Third, on the specific question of torture, Americans’ opposition appears to be fairly soft, although not the strong support that Trump suggested would offer the grounds for bringing back waterboarding. Over half (54%) consider torture to be “wrong.” However, when asked whether “a captured enemy combatant [can] be tortured to obtain important military information,” opposition to torture weakened, with only 30% saying no and 46% yes. The two main upshots are that those in favor of torturing enemies for intelligence still constitute less than a majority of Americans and, importantly, within this group 39% said their opinion changed after being informed that torture is illegal. It should also be noted that the premise of the question—that torture “would obtain important military information”—runs counter to what Trump’s own nominee for Defense Secretary has asserted, not to mention a US Senate report on interrogation, which found that enhanced techniques produced either no intelligence or fabricated, faulty information.

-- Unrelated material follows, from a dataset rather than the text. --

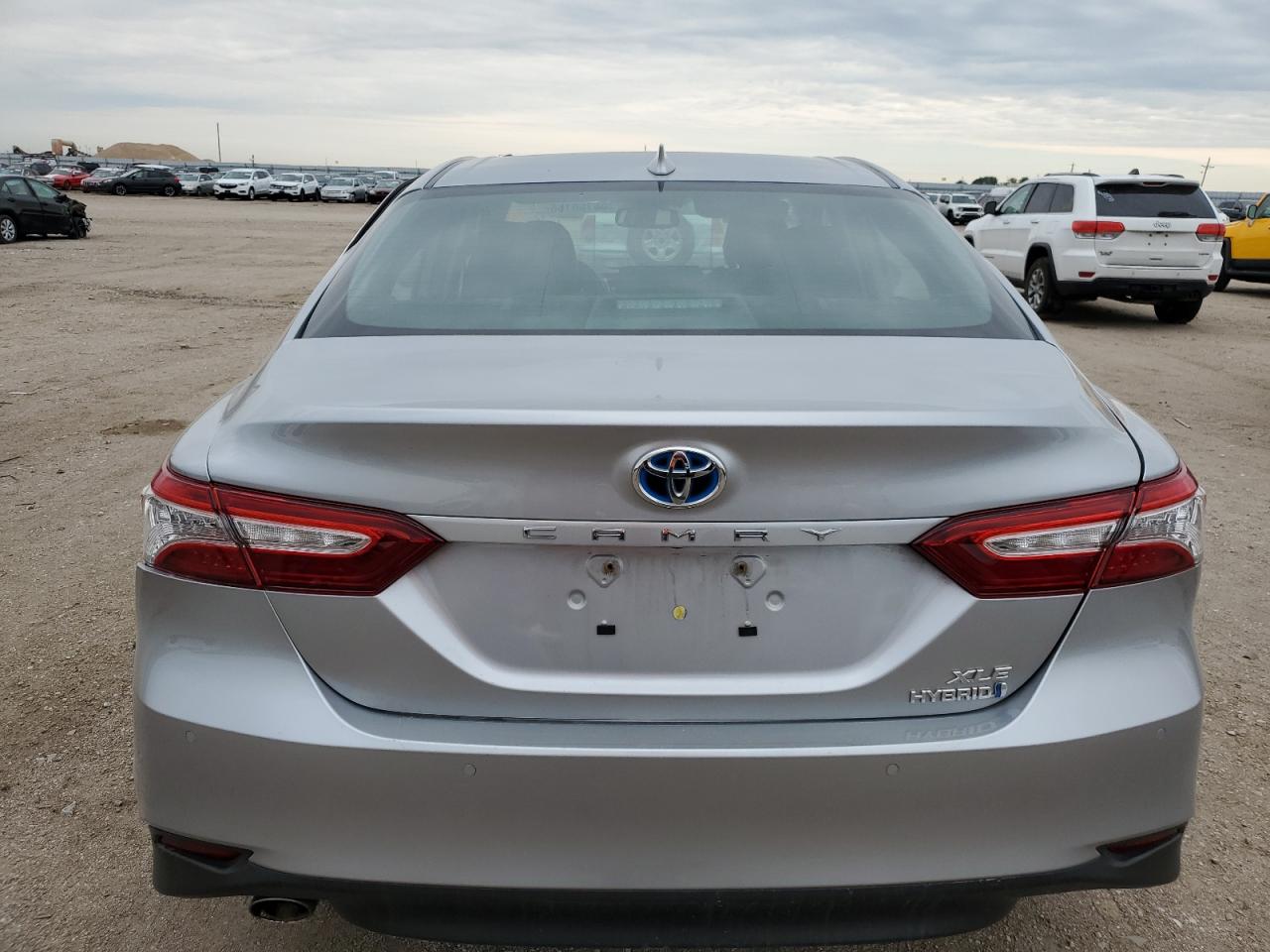 2019 Toyota Camry Hybrid VIN: 4T1B21HK1KU515160 Lot: 58166165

Lastly, attitudes about the effectiveness of the Geneva Conventions appear to have soured in the last fifteen years. In 1999, 52% of respondents agreed that the Geneva Conventions had prevented wars from getting worse. By 2016, that number was just 38%. Upon first glance, the decline looks alarming, but the ambiguity of this question again raises some concerns in terms of interpretation. What does it mean to “prevent wars from getting worse”? While the ICRC likely thought of the question as probing whether people think that the Geneva Conventions are preventing IHL violations, it might not be surprising if respondents were simply responding to aggregate levels of conflict rather than jus in bello rules with which the ICRC concerns itself. We don’t have to scour the planet long to see why the public, and in particular Americans, would look at ongoing conflict in Syria, Afghanistan, Iraq, and Yemen and think the Geneva Conventions have less clout than they did more than a decade and a half ago.

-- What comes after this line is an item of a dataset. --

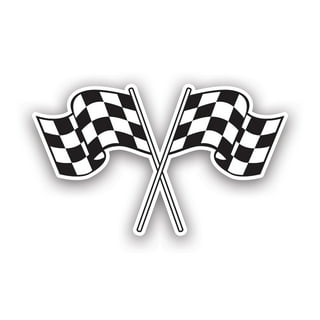 Road Kids Tape Checkered Flag Race Track Tape Race Car Track Road Kids Tape for Cars Track and Train Sets Decorative,Sticker Racetrack, Duct Tape for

On the other hand, the Geneva Conventions were never supposed to prevent the outbreak of war or the intensity of a war but rather regulate the treatment of civilians once in war. That there is seemingly ubiquitous war compared to 1999 does not mean that the Geneva Conventions are not working. The distinction suggests that there are pockets of progress when it comes to the laws of war. Just last week, the Pentagon released a 230-page document that in part detailed the ways the laws of war inform American targeting decisions. The standards for protecting civilians articulated in this document certainly depart from those guiding U.S. “terror bombing” during World War II. To be sure, contemporary targeting standards fall short of protecting civilians to the degree that many international lawyers and human rights activists hope to see.
In short, there appears reason to hope that any attempts by the President-Elect to lower standards on how the U.S. uses force abroad and treats foreign civilians will run up against a skeptical American public—both popular sentiment and organized societal sectors—not to mention opposition from some actors within the military and foreign policy establishment unwilling to carry out those policies.